NOVEMBER/DECEMBER 2003 (Vol. 23, No. 6) pp. 4-5
0272-1716/03/$31.00 © 2003 IEEE
Published by the IEEE Computer Society
Published by the IEEE Computer Society
Modeling Cities One Segment at a Time
PDFs Require Adobe Acrobat
"I have always been connecting art and automated 3D imagery in my mind," said Ioannis Stamos, assistant professor in the department of computer science at The City University of New York's Hunter College. "Early on in my career I attended an exhibition of the painter Piet Mondrian at the Museum of Modern Art in New York. The geometric figures in Mondrian's painting and the regular geometry I was involved with had something in common. I never pursued this direction though."
Interestingly enough he says he's never used his research in 3D visualization and reconstruction to create images purely for artistic purposes. "When I started presenting my segmentation images to conferences and talks, people seemed to appreciate an artistic flavor in them," he explained. "This was never my intention though."

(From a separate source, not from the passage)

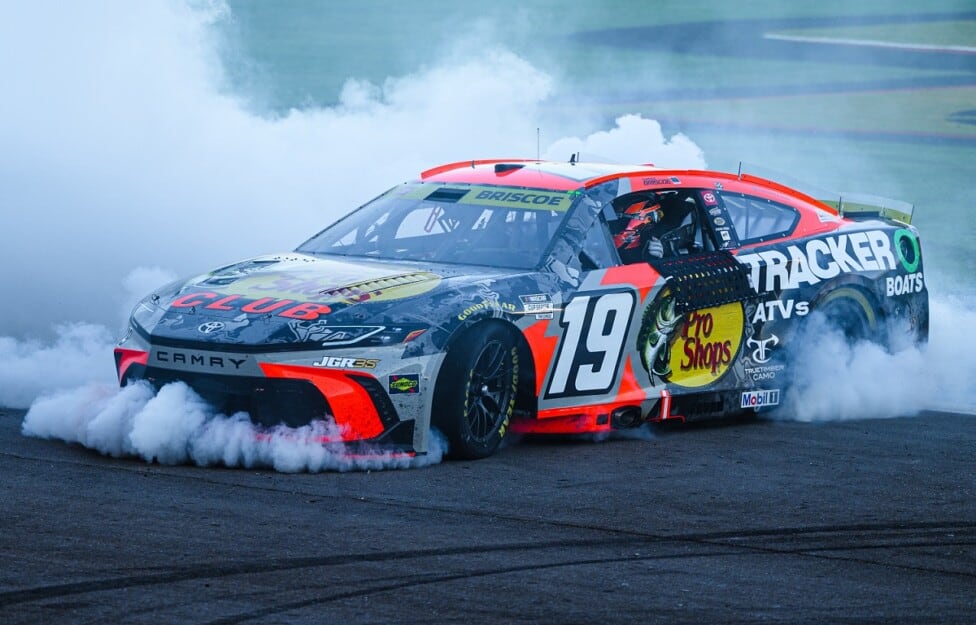 El pibe de los Gibbs se quedó con la fiesta en Las Vegas y Larson afianzó su marcha en los playoffs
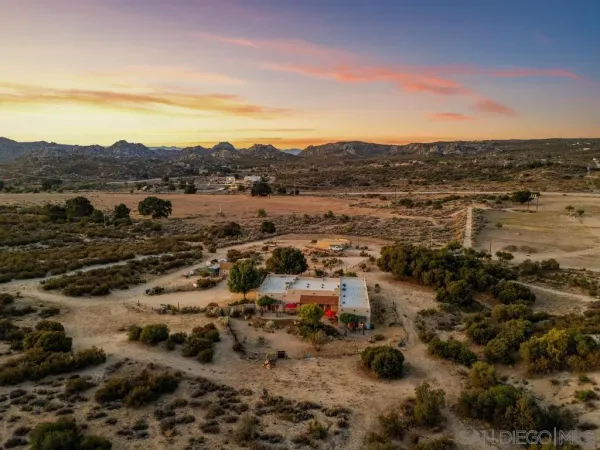 a view of outdoor space with city view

Stamos wrote his undergraduate thesis in the area of computer vision and image processing in the School of Engineering at the University of Patras, Greece. He graduated with the highest GPA of his class. He discovered a 3D range scanner for the first time while working as a research scientist in the electrical engineering department of the Catholic University of Leuven. "I was fascinated," he said. "I was able to use, for the first time, a range scanner and acquire 3D models of small objects."
After receiving his MS and MPhil in computer science at Columbia University, Stamos entered the PhD program in that school's robotics lab under the supervision of Professor Peter K. Allen. There, a new scanner enabled them to launch a project of acquiring models of urban environments.
"I guess the fact that we were situated in a major urban university at a major urban center affected our decisions," he said. "We were surrounded by beautiful buildings, we had an amazing 3D scanner, and we had already started developing the technology. That is why we decided to push the technology to its limits."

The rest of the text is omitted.